God's compassion, visible most profoundly in Christ, is good news, and it might cause us to ask how and where we "encounter" God. In our friends and neighbours, Scripture and song, and bread and wine. As we celebrate Eucharist this morning, maybe there is something (complaint, concern, issue, whatever) that you need to bring to God, a place within you that you need God to enter, transform, and make whole; I encourage you to bring that to God, to the foot of the cross, and to ask for what you need today.

But there's another side of all this to ponder. If compassion is Jesus' posture toward humanity, toward you and me is compassion, and if are a people committed to following in the footsteps of Jesus, then compassion, or acts of compassion, to and for our one another and our neighbours, particular those who reside on the religious, social and political fringes, is a vital Christian practice, perhaps non-negotiable even. Jesus' acts of compassion weren't nice shows of emotion; they were political and social acts that illuminated and railed against all that was wrong (next out the section "The Compassion of Jesus" in Walter Brueggemann's book The Prophetic Imagination for more).

We live in a historical moment where we need more compassion, where we need to be more compassionate.

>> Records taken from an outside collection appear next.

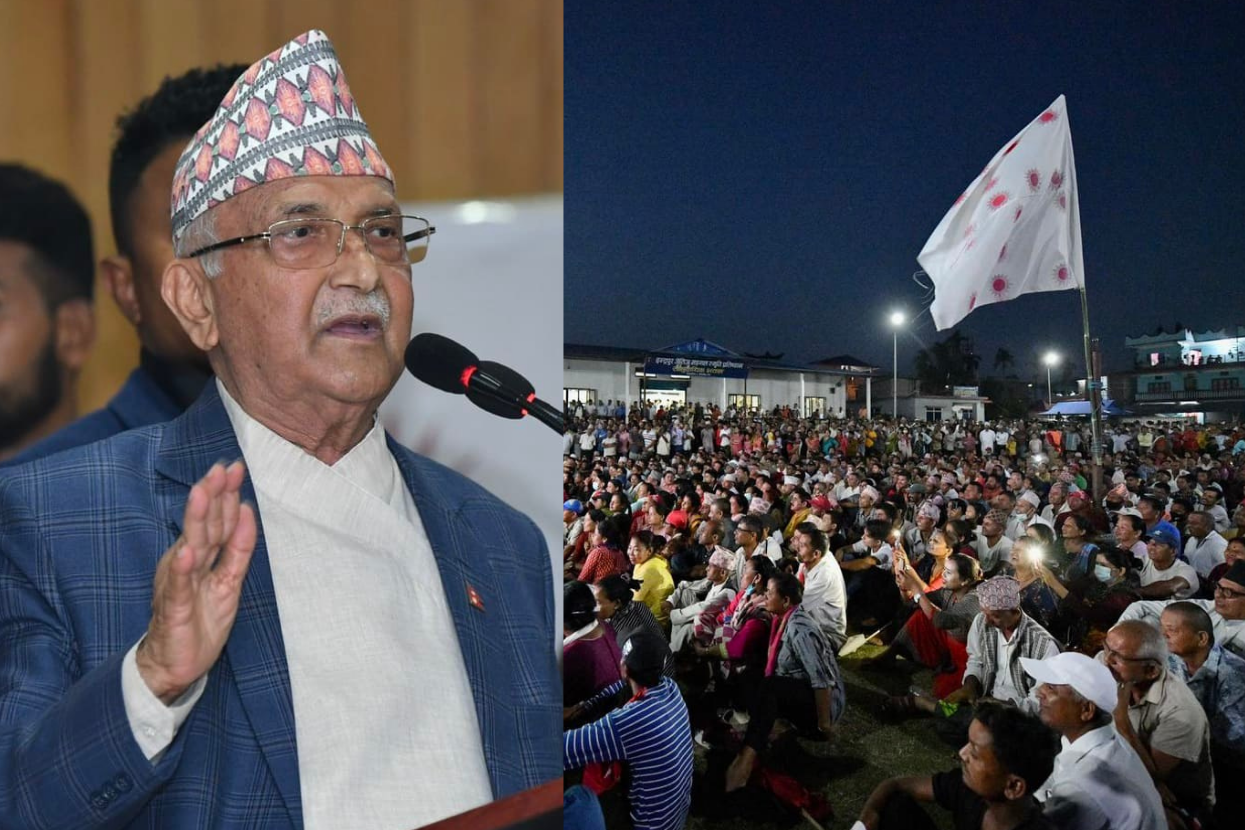 UML holding election rally at Bhrikuti Mandap today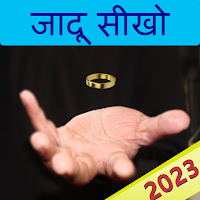 Learn Magic - Jadoo Seekho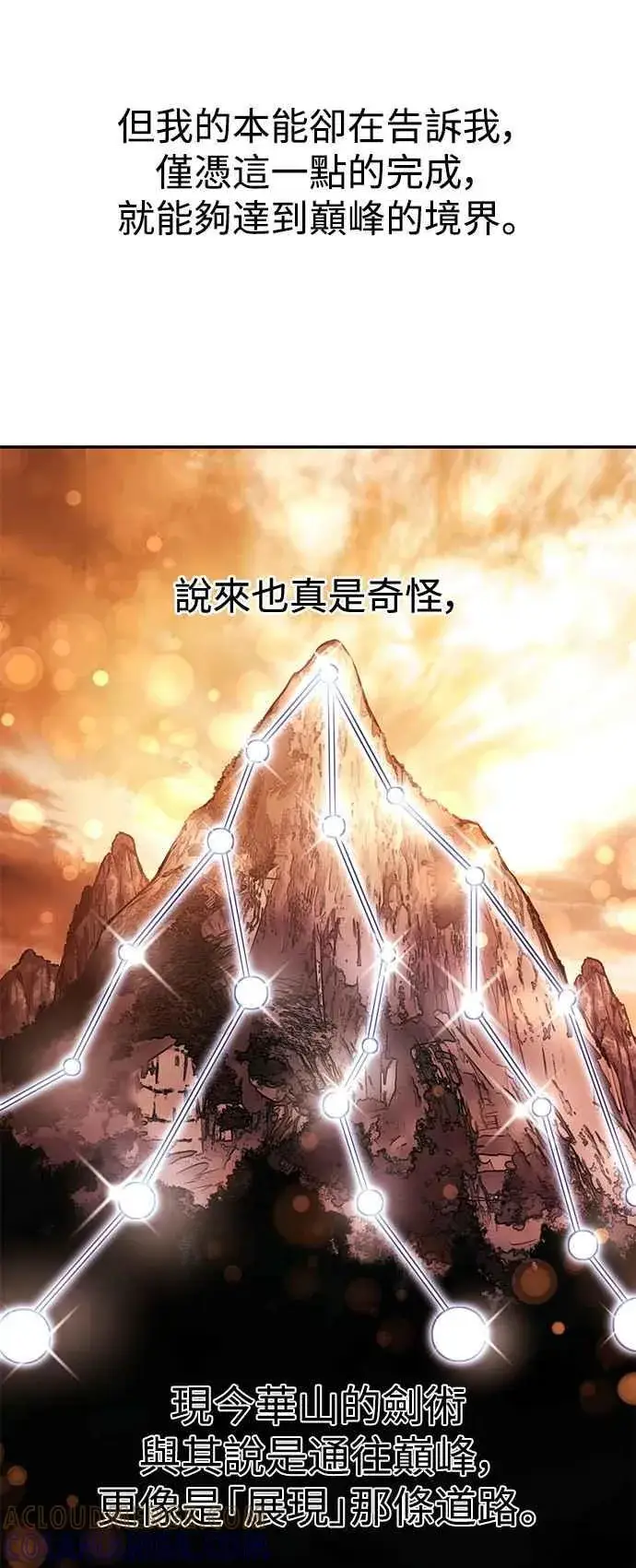 《史无前例的剑术天才》第52话(第一季完结)图28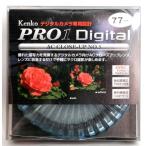 新品 ＫＥＮＫＯ　ケンコー　７７ｍｍ　ＰＲＯ１Ｄ　AC クローズアップNo.3（Ｗ）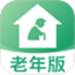 老年人桌面大字版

Acts of compassion towards those around us and toward each other have the power to illuminate and critique that which dehumanizes and ushers forth transformation.

In his book The Prophetic Imagination, Walter Brueggemann says, "[T]he one thing the dominant culture cannot tolerate or co-opt is compassion, the ability to stand in solidarity with the victims of the present order. It can manage charity and good intentions, but it has no way to resist solidarity with pain or grief… The imperial consciousness lives by its capacity to still the groans and to go on with business as usual as though none were hurting and there were no groans (reminds me of the Act Party). If the groans become audible, if they can be heard in the streets and markets and courts, then the consciousness of domination is already jeopardized… Newness comes precisely from expressed pain. Suffering made audible and visible produces hope, articulated grief is the gate of newness, and the history of Jesus is the history of entering into the pain and giving it voice."

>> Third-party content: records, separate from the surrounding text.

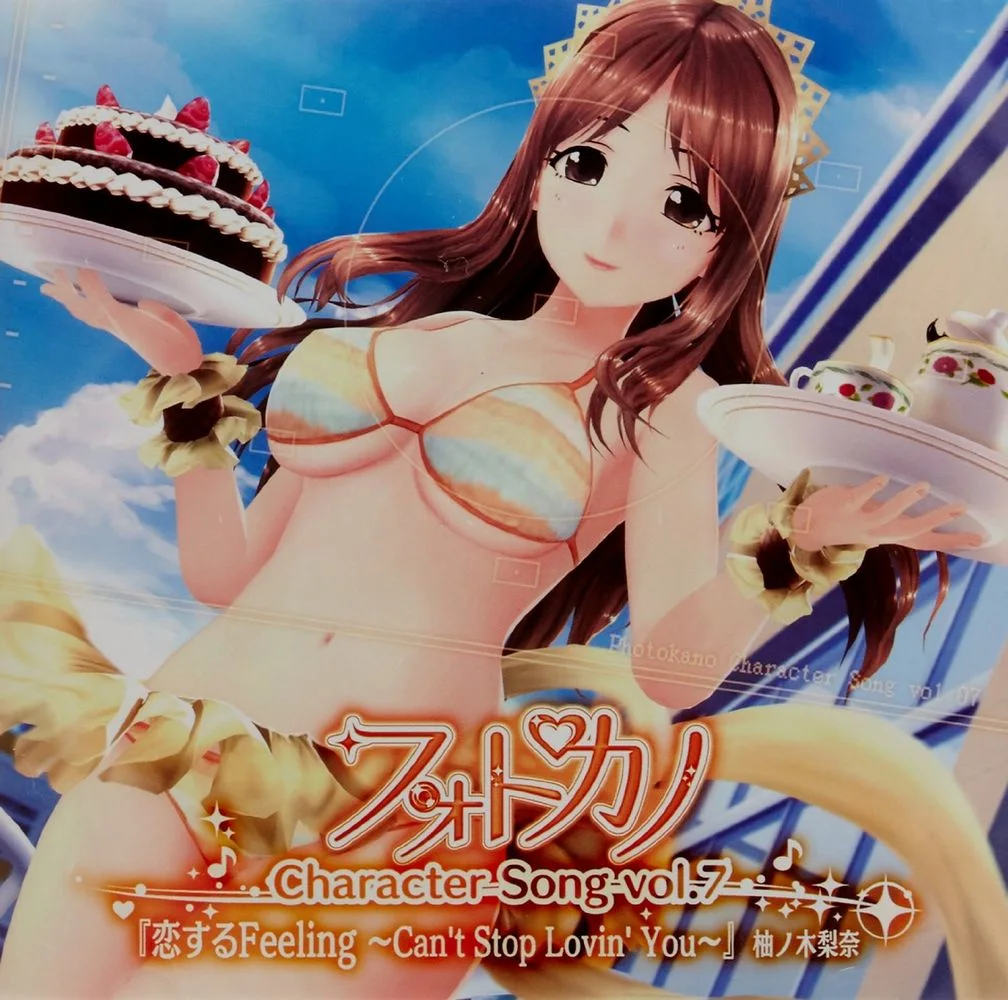 Photokano Character Song vol.7 Rina Yunoki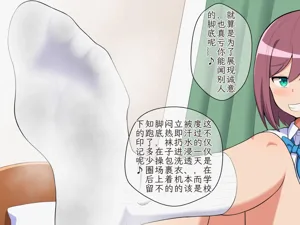 第19頁圖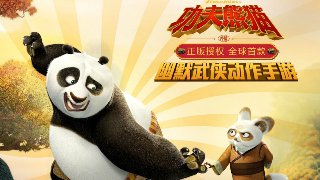 蹦蹦小排球2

Can we, as individuals and as a community, better live lives of compassion and solidarity? We need to be a community that appropriately hears the cries of our friends and neighbours and, with unwavering hope, stands with them—compassionately standing in and with broken lives, with people reeling from their missed opportunities and shattered dreams, with communities living in the aftermath of stolen land and broken promises. This morning, may the God of compassion meet us in our place of need, restore and heal us, and, as God does, inspire us to meet those around us in the same way.